Humphry Repton: How the legendary gardener embodied the spirit of his age

The leading garden-maker at the turn of the 19th century, Humphry Repton (1752–1818) was a man of feeling, as well as business. Steven Desmond charts the fortunes and misfortunes of one of the best-loved luminaries of English gardening’s history.

Every week we delve into the Country Life archive for a fascinating piece from times gone by. Our recent article on Sheringham Hall inspired us to go back to this 2018 piece about Humphry Repton, published at the time of his bicentenary of his death.


So well-known was Humphry Repton in 1814 that he made a cameo appearance in Jane Austen’s Mansfield Park, published that year, as the adviser of choice to improve the grounds of bumptious but clueless landowners such as Mr Rushworth:

“‘I must try to do something with it,’ said Mr Rushworth, ‘but I do not know what.’

‘Your best friend upon such an occasion’, said Miss Bertram calmly, ‘would be Mr.

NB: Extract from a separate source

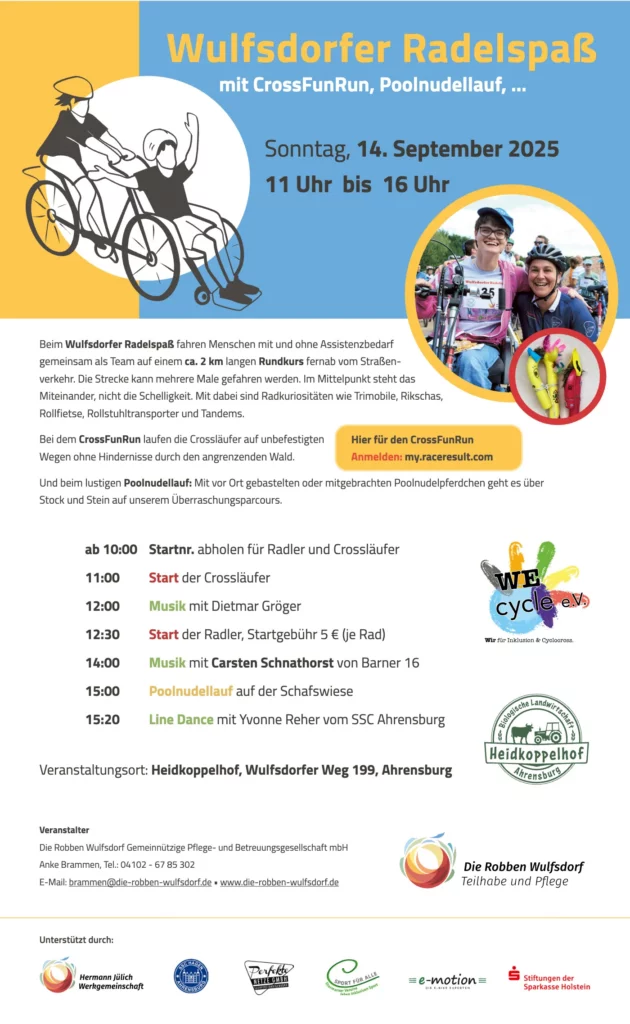 Wulfsdorfer Radelspaß 2025 – Plakat/Flyer als Vorschau (PDF öffnen)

Repton, I imagine.”’

Even Repton’s day rate was widely known: Austen gives it, correctly, as five guineas a day.

Repton, then as now, was one of the great names of British garden history. He was the leading garden-maker in England for 30 years until his death in 1818 and generally acknowledged as such. His client list was stellar and his writings, both in his reports and his published books, are intelligent and informative. His polished and adaptable style evolved during his career to reflect developing trends, so that he seems, from our perspective, to embody the spirit of the age.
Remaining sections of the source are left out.